_About this exercise_
All of the data, word for word and free of pictures, is the expected result.

_Input data_
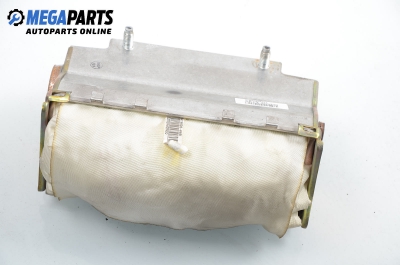 Airbag за SsangYong Rexton SUV (04.2002 - 07.2012), 4+1 вр., позиция: предна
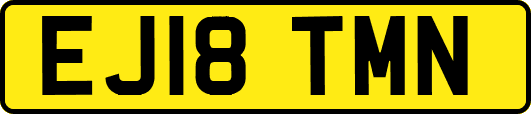 EJ18TMN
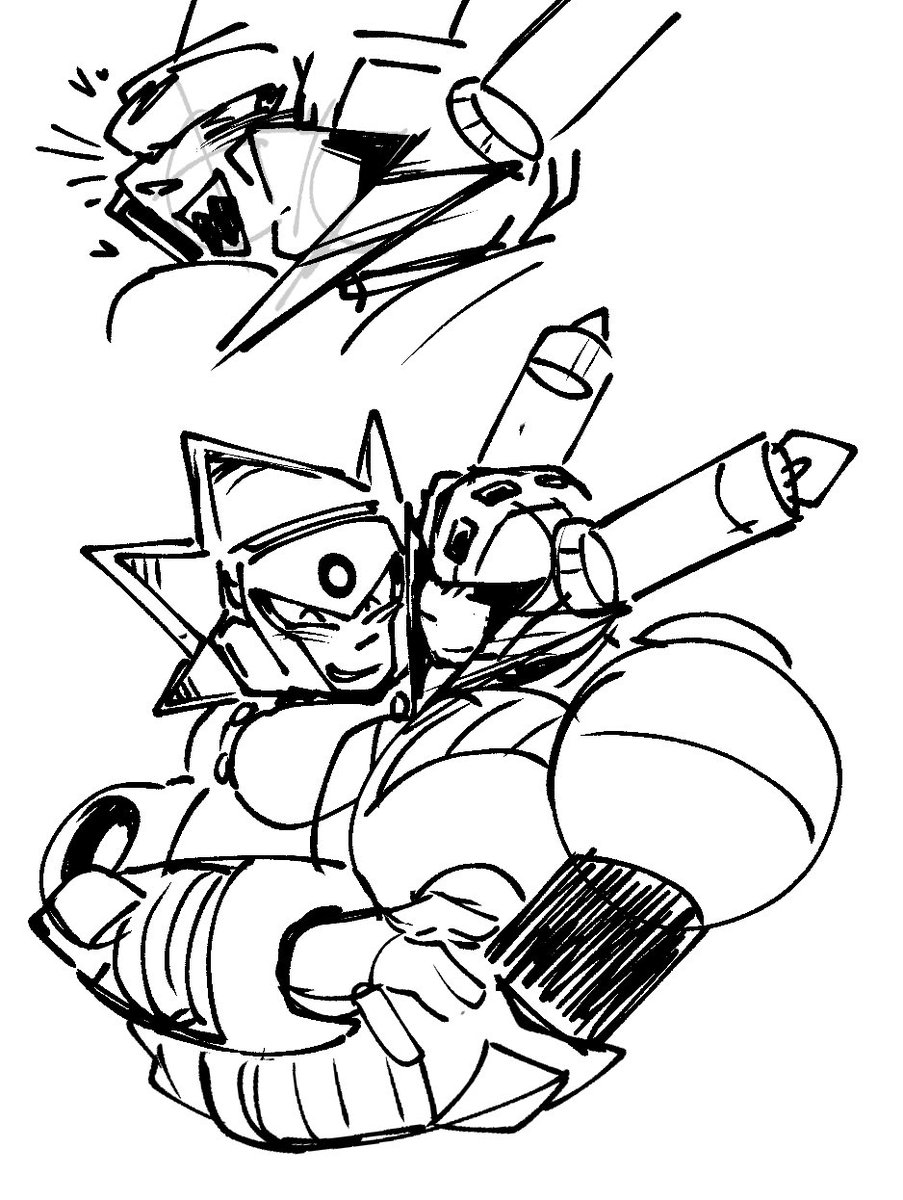 KUGELBLLTZ🍉⚡️professional fuse man lover tweet media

_Task answer_
 Airbag за SsangYong Rexton SUV (04.2002 - 07.2012), 4+1 вр., позиция: предна
 EJ18TMN
 KUGELBLLTZ🍉⚡️professional fuse man lover tweet media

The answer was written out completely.